» TASK DESCRIPTION
Look below for the line with "画像4: Halloween Paper Treat Bag" and the line with "Inner Tie Rod (5033410)". Copy exactly those two lines and every line between, but not the pictures.

» DATA SUPPLIED

══════════

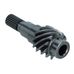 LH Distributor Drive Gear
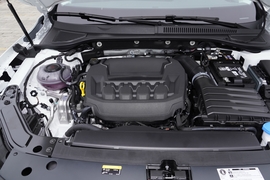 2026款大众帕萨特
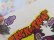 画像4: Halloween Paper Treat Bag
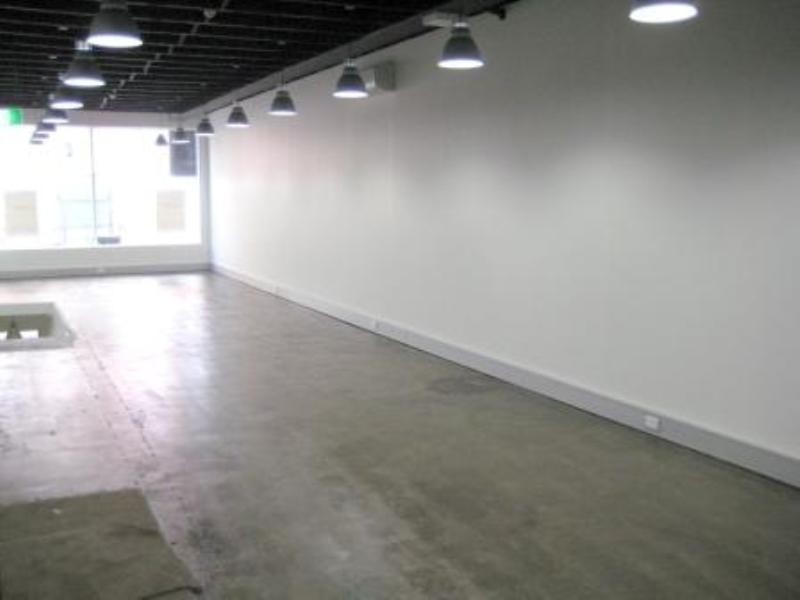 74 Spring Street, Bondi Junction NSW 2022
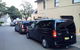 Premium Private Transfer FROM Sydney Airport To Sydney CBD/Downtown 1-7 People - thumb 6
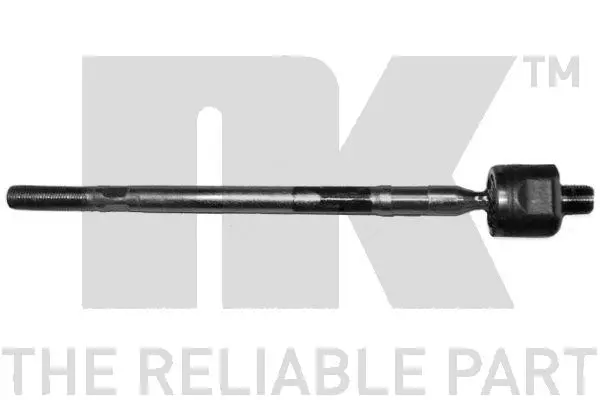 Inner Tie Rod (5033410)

══════════

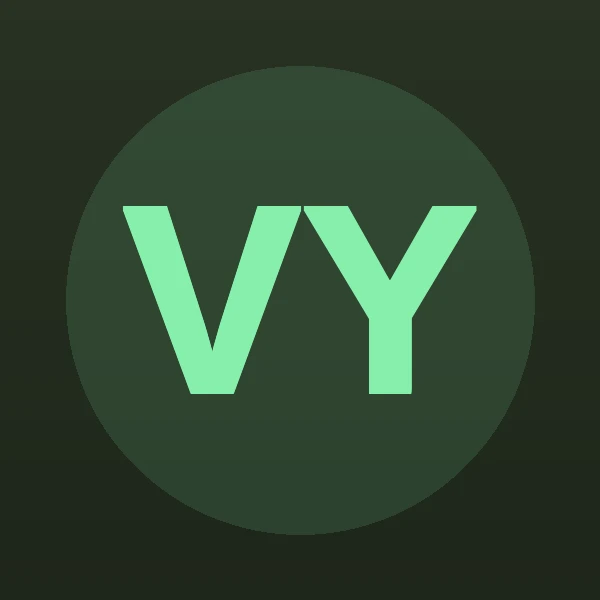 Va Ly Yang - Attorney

══════════

» ANSWER BOX
 画像4: Halloween Paper Treat Bag
 74 Spring Street, Bondi Junction NSW 2022
 Premium Private Transfer FROM Sydney Airport To Sydney CBD/Downtown 1-7 People - thumb 6
 Inner Tie Rod (5033410)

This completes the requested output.